En premier lieu, pour le réalisme moral, le devoir est essentiellement hétéronome. Est bon tout acte qui témoigne d'une obéissance à la règle ou même d'une obéissance aux adultes quelles que soient les consignes qu'ils prescrivent ; est mauvais tout acte non conforme aux règles. La règle n'est donc nullement une réalité élaborée par la conscience, ni même jugée ou interprétée par la conscience : elle est donnée telle quelle, toute faite, extérieurement à la conscience ; elle est en outre conçue comme révélée par l'adulte et imposée par lui. Le bien se définit donc rigoureusement par l'obéissance.

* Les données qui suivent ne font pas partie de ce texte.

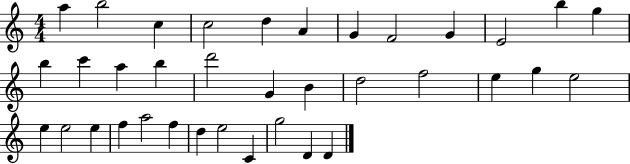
X:1
T:Untitled
M:4/4
L:1/4
K:C
a b2 c c2 d A G F2 G E2 b g b c' a b d'2 G B d2 f2 e g e2 e e2 e f a2 f d e2 C g2 D D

En second lieu, pour le réalisme moral, c'est à la lettre et non en esprit que la règle doit être observée. Ce caractère découle du précédent. On peut cependant concevoir une morale de l'hétéronomie qui insiste sur l'esprit des règles et non pas sur leur contenu le plus matériel. Une telle attitude n'est déjà plus réaliste : elle tend vers la rationalité et l'intériorité. Au point de départ de l'évolution morale de l'enfant, la contrainte adulte produit au contraire une sorte de réalisme de la lettre dont nous verrons maints exemples.
En troisième lieu, le réalisme moral entraîne une conception objective de la responsabilité. C'est même à ce critère que nous reconnaîtrons le réalisme, car une telle attitude en présence des questions de responsabilité est plus facile à discerner que les deux précédentes. Concevant les règles à la lettre et ne définissant le bien que par l'obéissance, l'enfant commencera, en effet, par évaluer les actes non pas en fonction de l'intention qui les a déclenchés, mais en fonction de leur conformité matérielle avec les règles posées."
Jean Piaget, Le Jugement moral chez l'enfant, 1932, PUF, 1995, chapitre II, p. 82-83.